YOUR OBJECTIVE
Please give again, word for word, the line that contains "AIR JORDAN 4 MILITARY BLACK" and every line after it to the end of the data, with no other lines.
------ MATERIAL PROVIDED ------
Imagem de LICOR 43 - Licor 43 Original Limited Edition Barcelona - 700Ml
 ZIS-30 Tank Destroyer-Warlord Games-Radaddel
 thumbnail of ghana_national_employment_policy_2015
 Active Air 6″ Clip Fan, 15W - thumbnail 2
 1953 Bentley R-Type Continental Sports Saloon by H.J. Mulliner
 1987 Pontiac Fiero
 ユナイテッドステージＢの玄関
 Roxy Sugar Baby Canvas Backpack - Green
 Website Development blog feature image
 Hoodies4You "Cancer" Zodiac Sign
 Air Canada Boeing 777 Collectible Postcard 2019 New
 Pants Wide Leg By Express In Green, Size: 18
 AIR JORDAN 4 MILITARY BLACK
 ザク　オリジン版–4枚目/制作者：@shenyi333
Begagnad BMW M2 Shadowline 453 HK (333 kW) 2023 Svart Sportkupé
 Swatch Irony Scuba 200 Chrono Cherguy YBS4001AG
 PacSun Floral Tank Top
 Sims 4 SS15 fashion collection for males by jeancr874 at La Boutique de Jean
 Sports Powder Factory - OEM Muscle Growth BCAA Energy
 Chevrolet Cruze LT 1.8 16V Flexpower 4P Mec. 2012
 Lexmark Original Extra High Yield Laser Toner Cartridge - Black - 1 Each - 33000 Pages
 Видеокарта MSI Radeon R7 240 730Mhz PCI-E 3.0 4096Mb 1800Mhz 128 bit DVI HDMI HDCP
------
EXERCISE OUTPUT
 AIR JORDAN 4 MILITARY BLACK
 ザク　オリジン版–4枚目/制作者：@shenyi333
Begagnad BMW M2 Shadowline 453 HK (333 kW) 2023 Svart Sportkupé
 Swatch Irony Scuba 200 Chrono Cherguy YBS4001AG
 PacSun Floral Tank Top
 Sims 4 SS15 fashion collection for males by jeancr874 at La Boutique de Jean
 Sports Powder Factory - OEM Muscle Growth BCAA Energy
 Chevrolet Cruze LT 1.8 16V Flexpower 4P Mec. 2012
 Lexmark Original Extra High Yield Laser Toner Cartridge - Black - 1 Each - 33000 Pages
 Видеокарта MSI Radeon R7 240 730Mhz PCI-E 3.0 4096Mb 1800Mhz 128 bit DVI HDMI HDCP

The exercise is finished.